• ACTIVITY
Would you retype the lines from the one that holds "Dvadeset izbjeglica iskočilo" to the final line of the entries below, both ends included and exactly as written, but without pictures?

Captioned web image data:
====
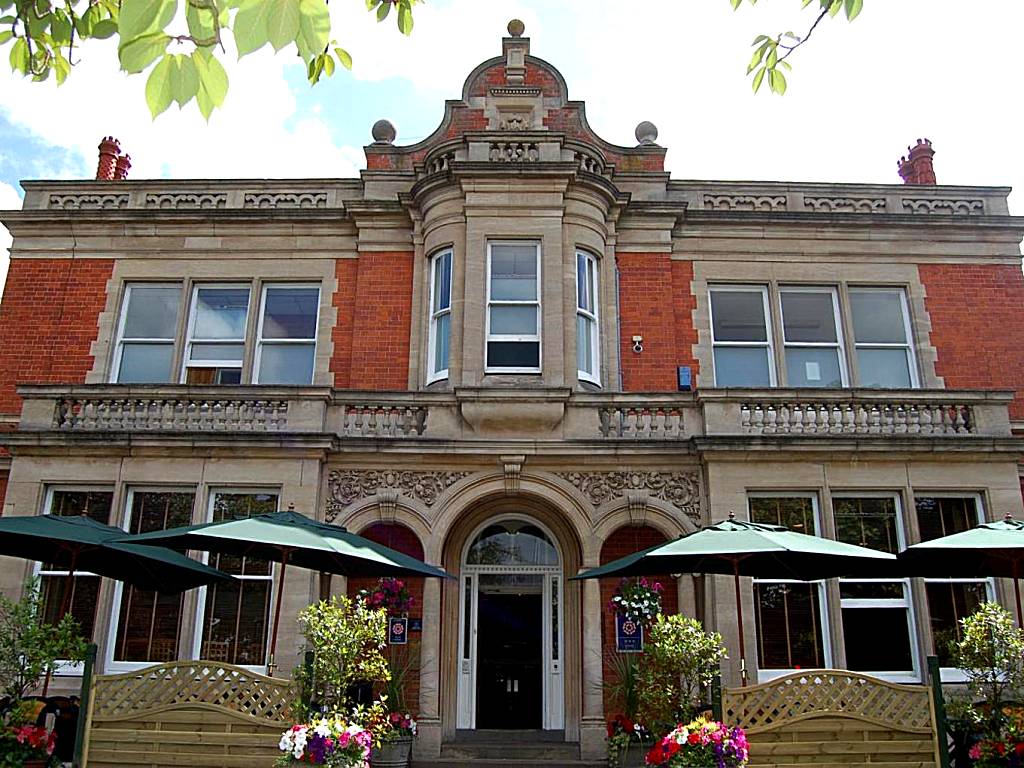 Millfields Hotel (Grimsby)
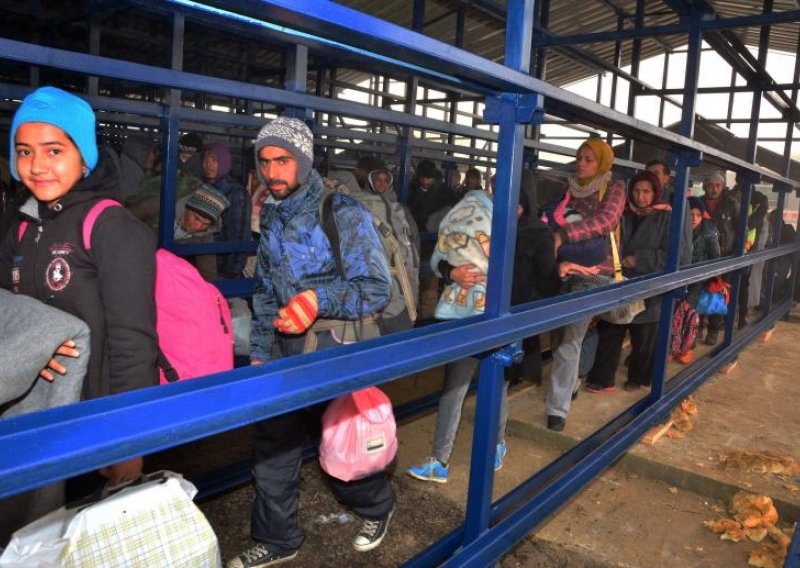 Dvadeset izbjeglica iskočilo iz vlaka kod Slavonskog Broda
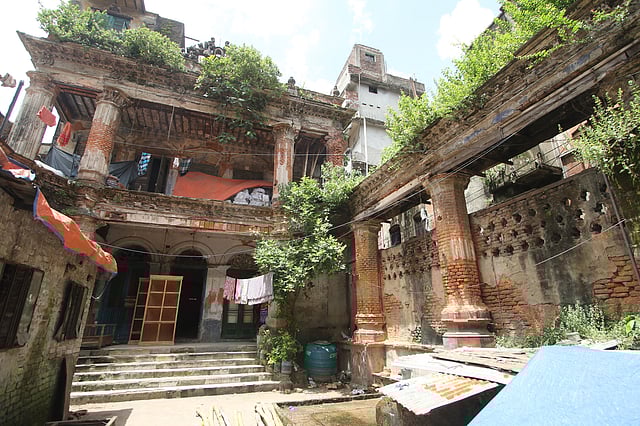 ভেতরের মূল ভবন বেহাল। মূল ভবনের কক্ষগুলো গুদাম হিসেবে ব্যবহৃত হচ্ছে।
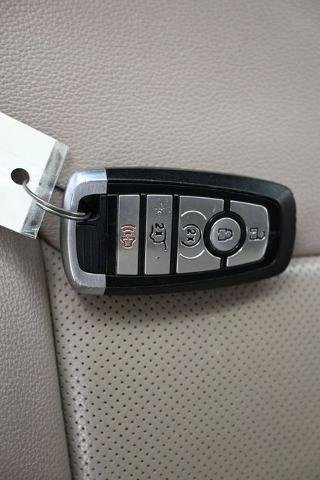 Certified 2022 Ford Explorer Limited w/ Equipment Group 301A RWD image 26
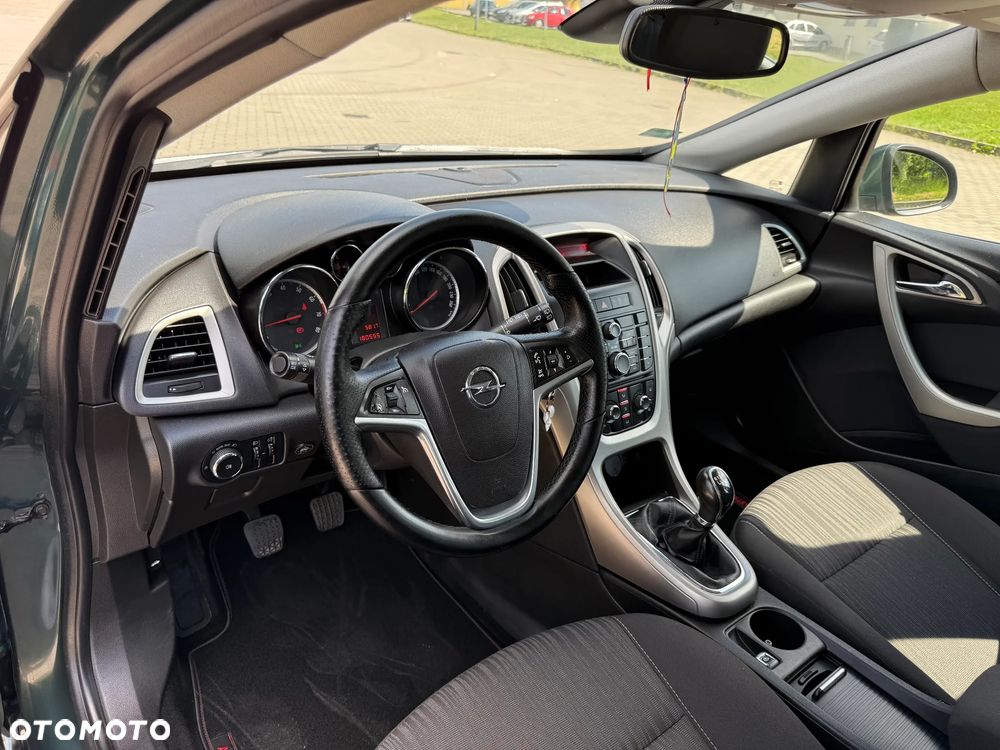 Opel Astra 1.6 Color Edition - 24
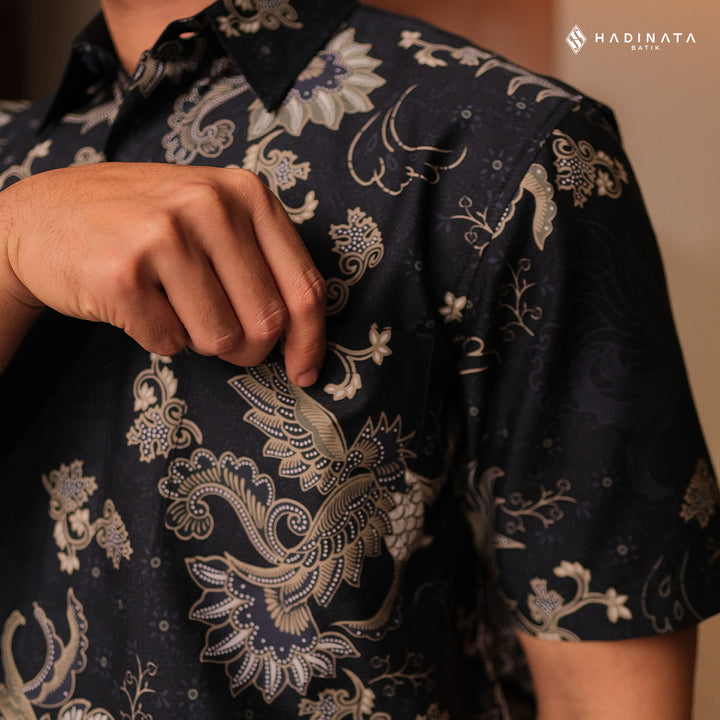 Hadinata Batik Premium Kemeja Batik Pria Lengan Pendek Superfine Sukmara Black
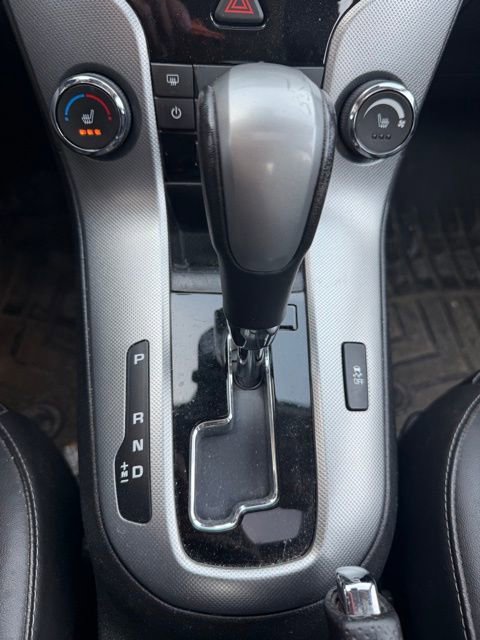 Used 2015 Chevrolet Cruze LTZ w/ Sun, Sound and Sport Package image 22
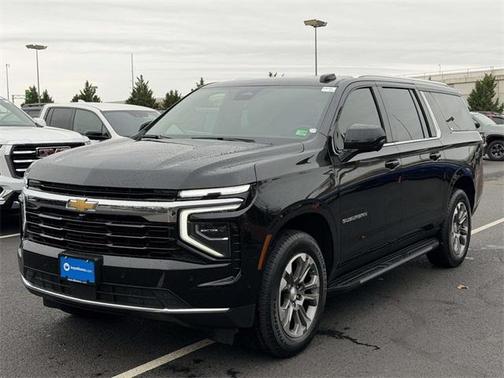 2025 Chevrolet Suburban LS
====
• ANSWER SECTION
 Dvadeset izbjeglica iskočilo iz vlaka kod Slavonskog Broda
 ভেতরের মূল ভবন বেহাল। মূল ভবনের কক্ষগুলো গুদাম হিসেবে ব্যবহৃত হচ্ছে।
 Certified 2022 Ford Explorer Limited w/ Equipment Group 301A RWD image 26
 Opel Astra 1.6 Color Edition - 24
 Hadinata Batik Premium Kemeja Batik Pria Lengan Pendek Superfine Sukmara Black
 Used 2015 Chevrolet Cruze LTZ w/ Sun, Sound and Sport Package image 22
 2025 Chevrolet Suburban LS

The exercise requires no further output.